Exposures are limited to loose sand and gravel faces near to the tops of the remaining quarry edges. The site is excavated within the edge of a large mound of sand and gravel which extends into fields across the road (to the east and south of the road) where it was not worked. This deposit gives rise to a unique ‘hummocky’ topography in these fields which is characteristic of many fluvioglacial sand and gravel deposits of better known glaciated areas of Britain. These deposits are not associated with till (boulder clays) and are thought to represent the dumping of glacial outwash materials in banks by rivers flowing to the south of the limit of the glacial ice front. They are probably of Devensian age when the climate was mainly cold with occasional temperate phases.
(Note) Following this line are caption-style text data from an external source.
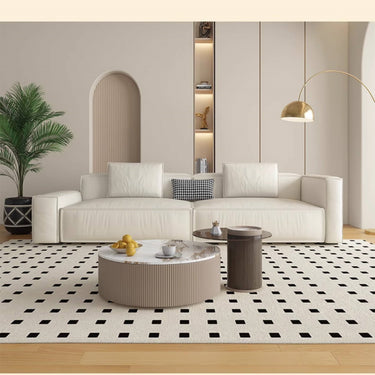 Stylish White Sofa with Light Brown, Green, Yellow, and Black Accents - Pine Wood Frame and Faux Leather Upholstery hatx - 1026MUTUKISPACE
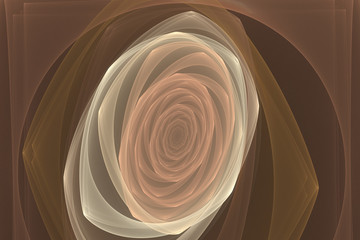  Delicate beige, brown, cream-colored fractal spirals, circles a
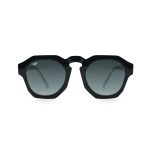ROUND BLACK FRAME WITH CLEAR TEMPLES AND BLACK LENSES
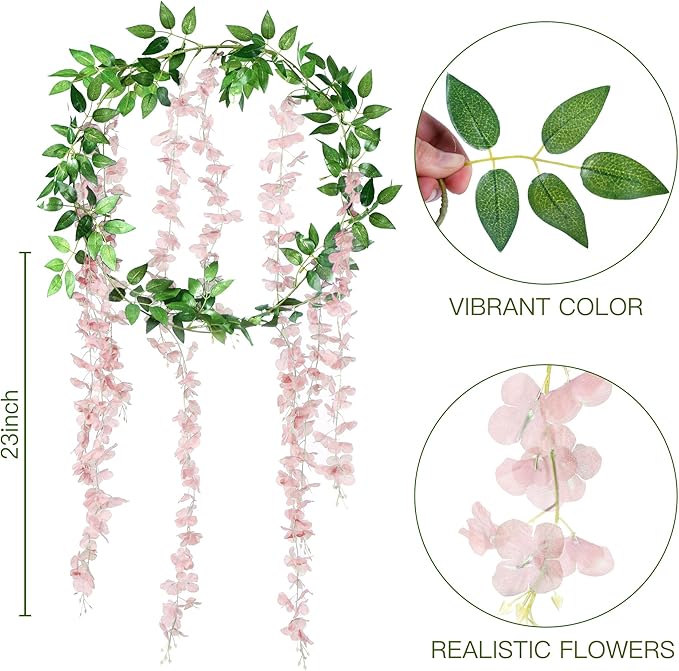 Sggvecsy 6Pcs Wisteria Garland Artificial Flowers Garland Fake Hanging Wisteria Vines Rattan Silk Hanging Flower Vines for Home Garden Outdoor Wedding Arch Party Ceremony Total 35.4Ft (Pink)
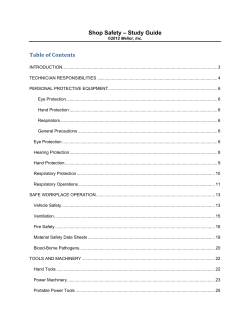 Shop Safety &ndash; Study Guide Table of Contents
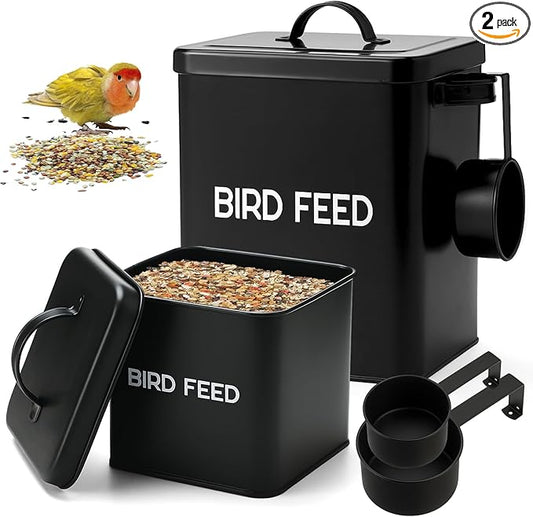 2 Pcs Metal Bird Seed Container with Scoop, Bird Feed Storage Container with Fitted Lid, Ideal Gift for Birds and Pet Owners (Black)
The woods are a haven for wildlife and spring is a very good time to visit the site for both the wildlife and prior to the onset of full summer vegetation.
Norton Covert is best approached on foot from the Norton Road which runs immediately adjacent to the site where there are a number of footpaths into the woods
The geology of Norton Covert is a story of scorching deserts and icy wastes. There are two distinct rock formations present. The underlying bed rock (country rock) is a red-orange, fine to medium grained sandstone with occasional thin mudstone beds belonging to the Wildmoor Sandstone Formation (formerly known as the Upper Mottled Sandstone) which was deposited in the scorching deserts of Triassic age (circa 220 million years ago). The sand grains are mainly white quartz coloured red by a thin veneer of iron oxide (rust).
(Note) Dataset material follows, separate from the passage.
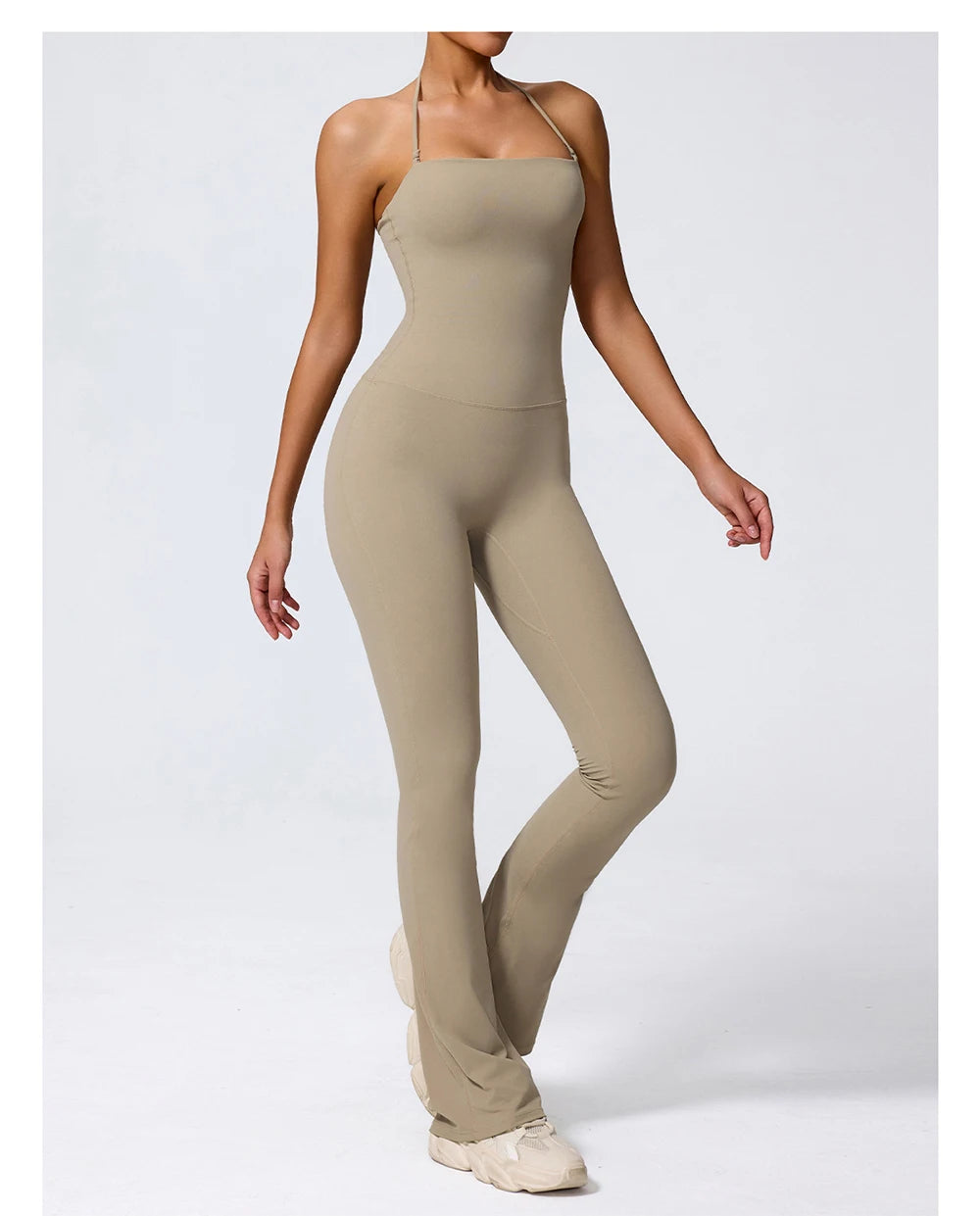 Fashionable Peach-Shaped Hip-Lifting And Neck-Hanging Yoga Jumpsuit For Women Casual And Slightly Flared Fitness Yoga Wear Badiee Stylez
Lying on top of the Wildmoor Formation is a superficial capping of soft sands and gravels which were deposited in the Ice-age (glacial period) about 20,000 -25,000 years ago. Unfortunately the Wildmoor Formation is no longer exposed at Norton Covert but when it was a working sand pit, a section showing a thickness of about 8.5m of sands and gravel resting on about 3m of sand rock was visible in the South Western corner but this is now buried beneath overburden which has accumulated around the perimeter. The Wildmoor Formation can still be seen in Stourbridge along the river Stour west of the Bonded Warehouse.
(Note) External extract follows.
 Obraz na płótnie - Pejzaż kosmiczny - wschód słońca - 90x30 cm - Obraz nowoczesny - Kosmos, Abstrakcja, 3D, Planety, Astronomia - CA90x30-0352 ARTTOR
Small but very important exposures of the Ice-age sands and gravel remain in the southern rim of the Covert. Here, thin layers (laminae) of coarse red-brown and buff sands with thicker pebbly sands can be seen. The ground surface at the southern end of the covert is still undisturbed and shows abundant pebbles. Although both of these formations were once exposed in many quarries, a combination of industrial decline and redevelopment as well as natural weathering of the loosely consolidated sediments has meant considerable loss to the nature conservation resource, hence the importance and ranking of Norton Covert as a geological SINC.
Black Country Geopark
Norton Covert is one of the Black Country Geopark’s Geosites.